Tiara Peak
On 26 September 2008, I scrambled up Tiara Peak (unofficial name) in the front ranges of Kananaskis Country.  Having previously ascended Belmore Browne Peak, I had no issues finding the trail head although I probably wasted just as much time playing with Bob Spirko's old GPS which he generously donated to me recently.  I pretty much followed Andrew Nugara's route description from More Scrambles in the Canadian Rockies except that I was too lazy to bother traversing around the south end of the peak and simply scrambled up the first gully I came to on the north side.  As steep and exposed as this gully was, I actually had more difficulty descending the southwest slopes.  I missed some flagging which necessitated a very tricky down-climb to get back on route.  Otherwise, the rest of my descent was uneventful, and I was back at my car after a round-trip time of a little over 6 hours.
I think Gillean Daffern coined the name for this peak. This is Tiara Peak as seen from the road.
Easy hiking. Sonny hikes along a logging road on the way to Tiara Peak.
Easy hiking but a little tedious at times.
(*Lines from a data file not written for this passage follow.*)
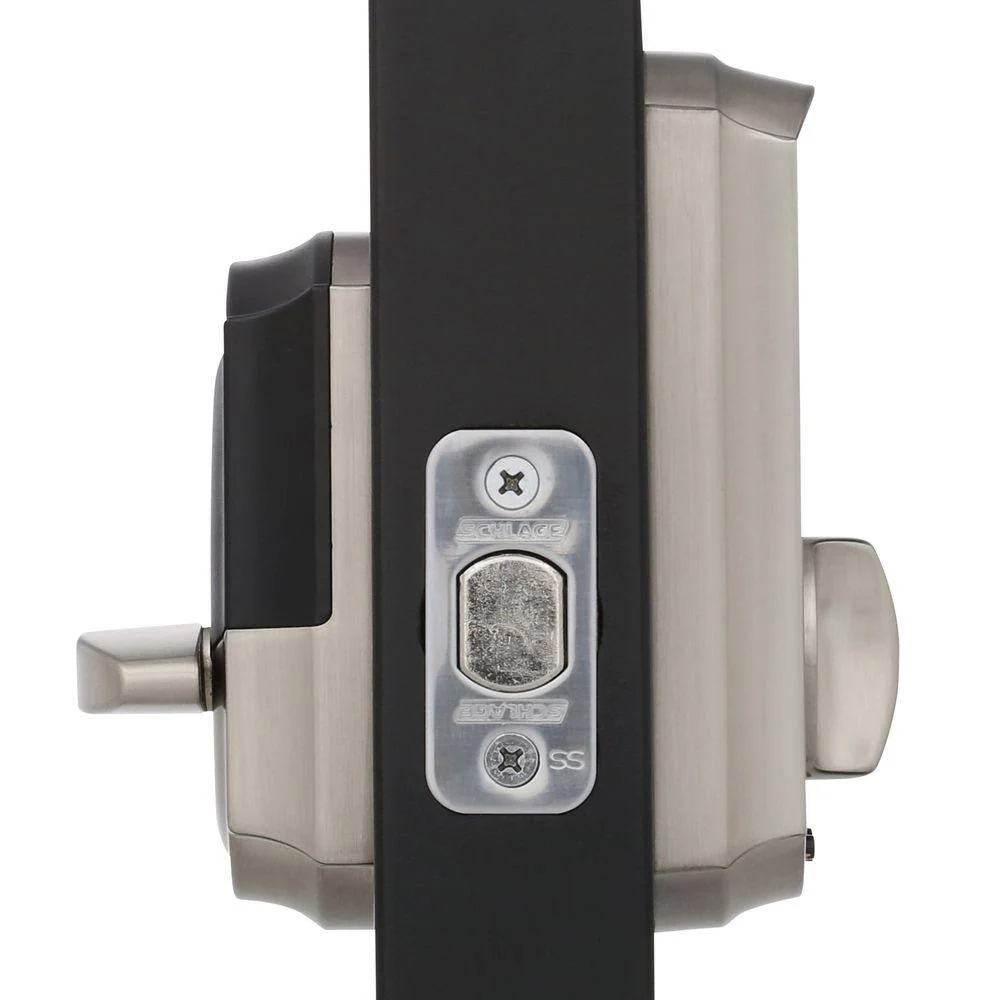 Schlage Camelot Satin Nickel Touch Electronic Door Lock Deadbolt with Georgian Knob - Image 4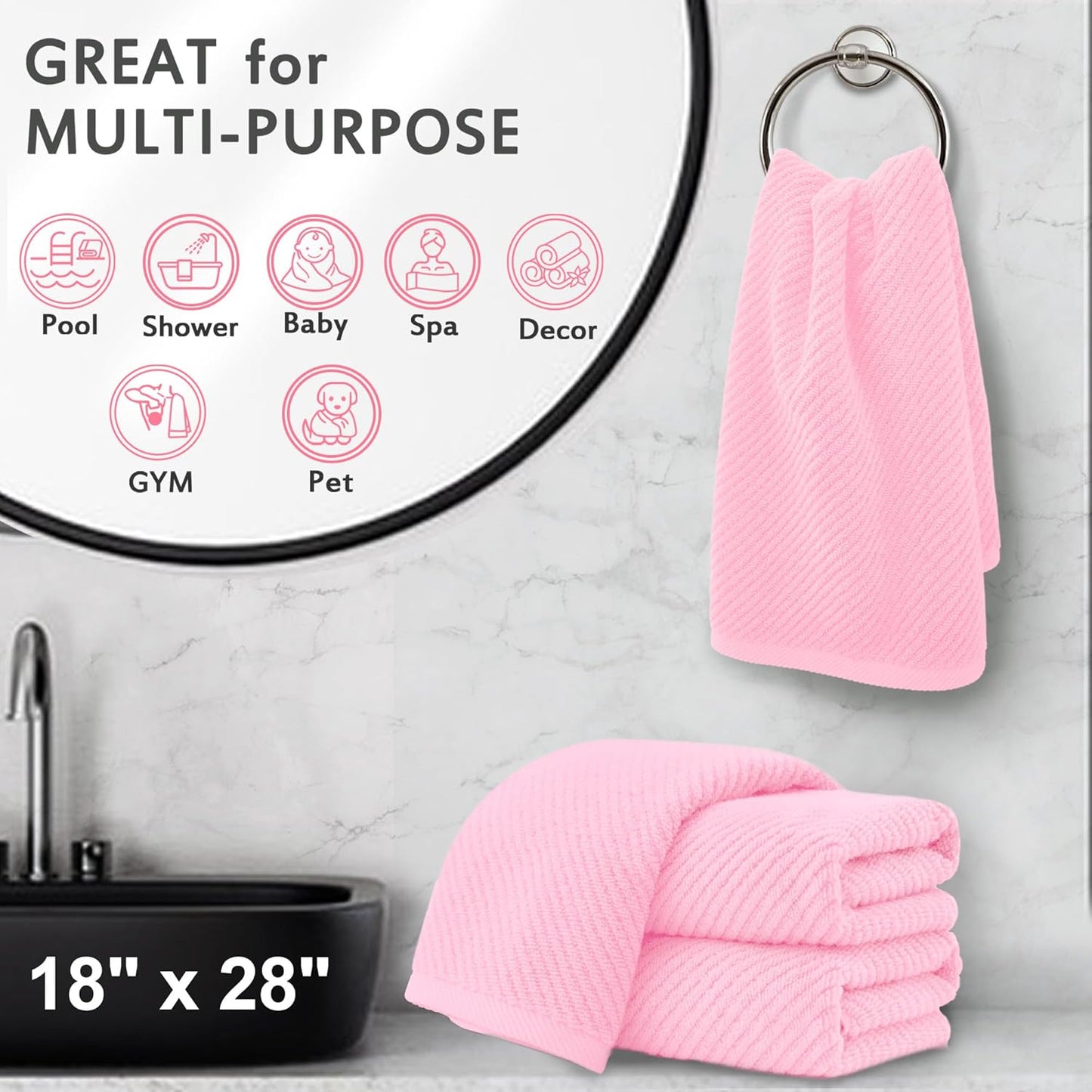 VOOVA & MOVAS Pink Bathroom Hand Towels Set of 4, Large 18" x 28" - 100% Cotton | Quick Dry | Light Weight | Thick | Soft | Absorption, Luxury Hand Towels for Showering, Bathroom Essentials Set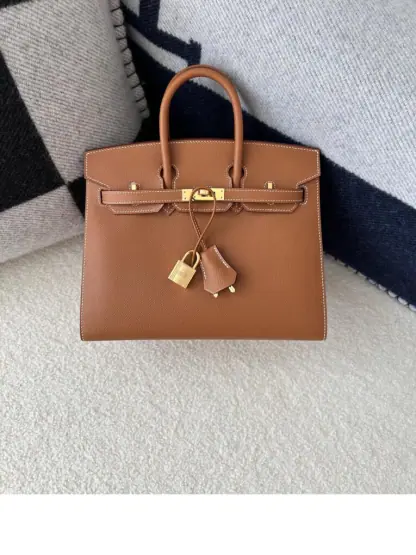 Replica Hermes Birkin 25cm CC37 Gold Handmade Hand Stitching Epsom Leather Gold Hardware #3501 - Image 14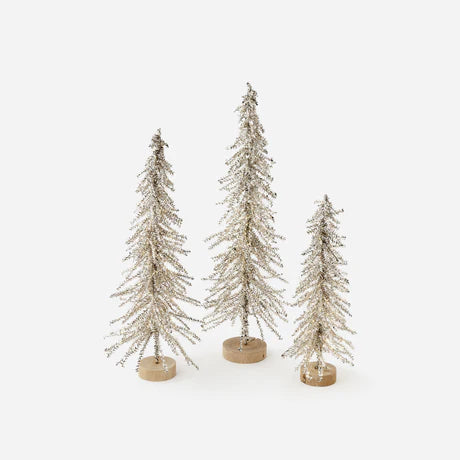 Lit Silver Tinsel Tree Set of 3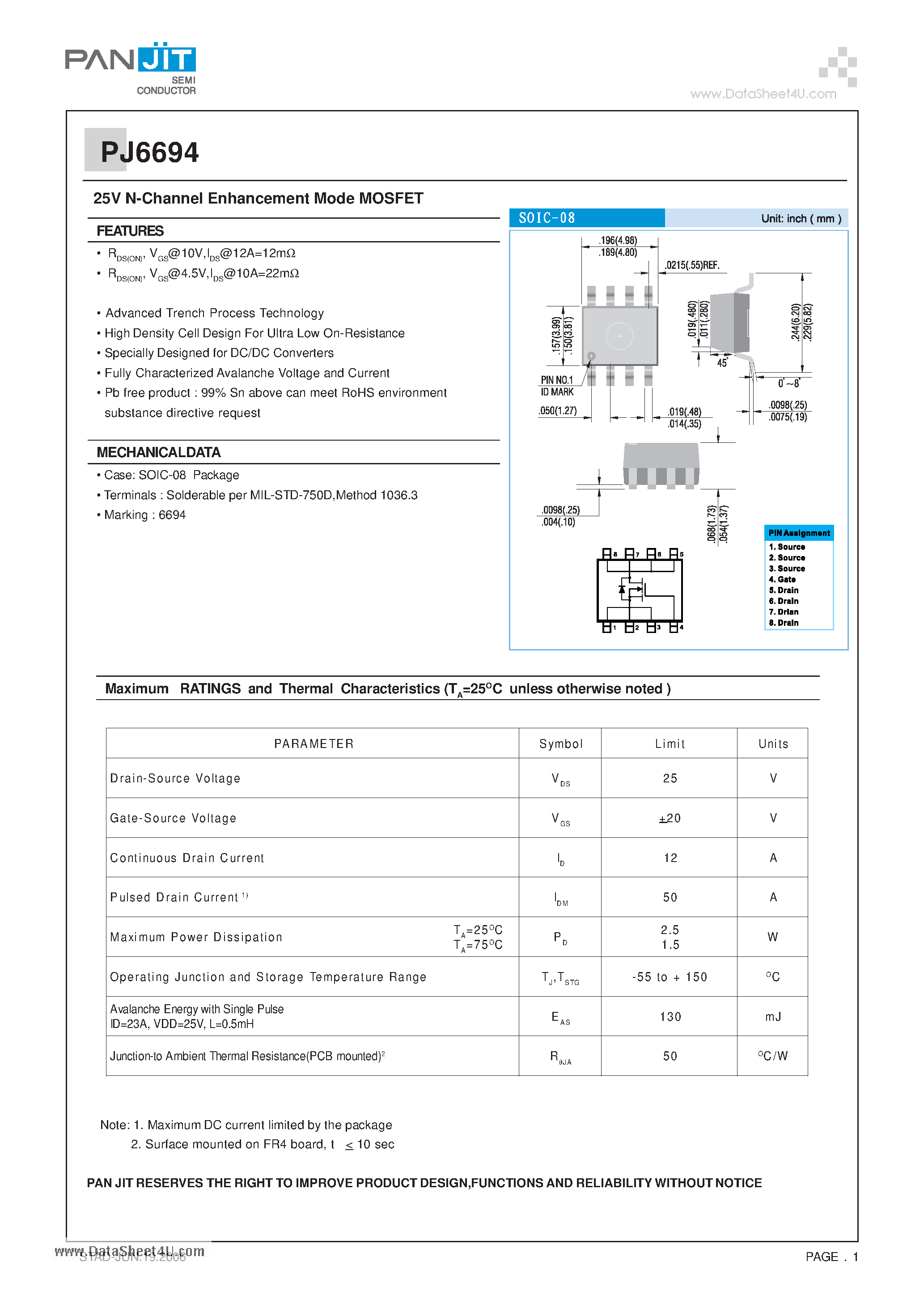 Datasheet PJ6694 - 25V N-Channel Enhancement Mode MOSFET page 1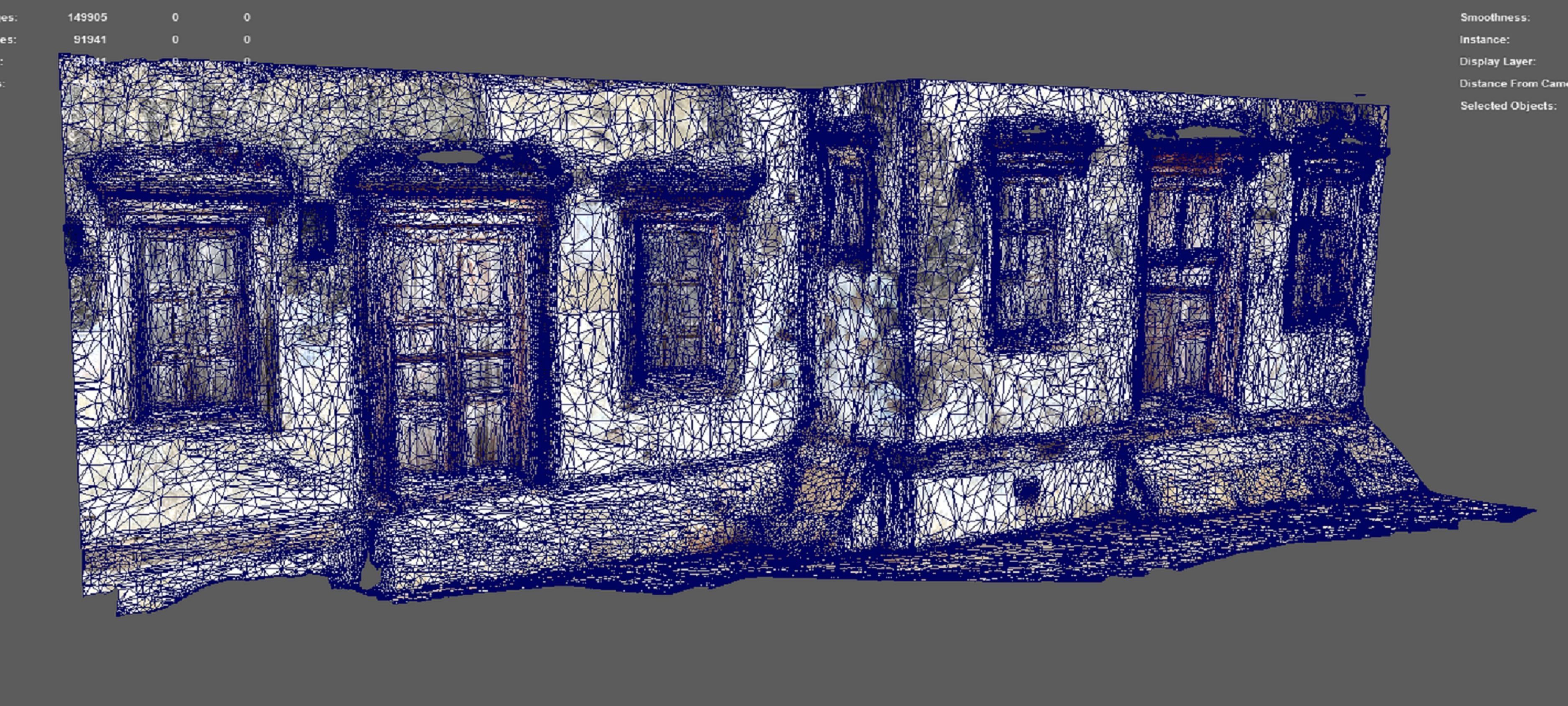 A ruined house wall with windows on sides doors in the center 3D model_1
Sonny muddles his way up the creek on the approach.
A fun peak to bag with your loved ones! Belmore Browne Peak shows some different hues from this angle.
This is where the fun starts! Sonny gains the ridge crest. figures.  The blue sky disappears when I get out of the trees! Sonny approaches the north end of Tiara Peak.
The worst part is the first couple of metres. This is looking up the first gully from the bottom.
Climbing up this is one thing, but I wouldn't want to descend this way! This is looking back down the first gully from about halfway up.
The elevation was according to my GPS reading. Sonny holds the register canister on the 2540-metre summit of Tiara Peak.
The crux doesn't look like much from here... Fisher Peak looks snowy to the south.
If you have a sharp eye, you should also be able to spot Little Sister, Mount Lawrence Grassi, Ha Ling Peak, Pilot Mountain, Mount Rundle, Cascade Mountain and Grotto Mountain. The most recognizable peak to the northwest is Mount Lorette (left).
You can even see a bit of curvature of the horizon. To the north is Belmore Browne Peak.
I wonder if Daniel Stark still plays sitar up there... Moose Mountain dominates the view to the east.
Looks worse...nay, it IS worse from above! This is looking back at Sonny's tricky down-climb on his descent.
Probably seldom climbed... This is the striking pinnacle to the east of Tiara Peak.
Impressive cliffs for such a small peak. This is looking back up at Tiara Peak's east-facing cliffs from the descent route.
Unfortunately, this flat section is short-lived. Sonny hikes back out the creek.
I wish I knew the story behind this! Someone's truck nearly ended up in the creek!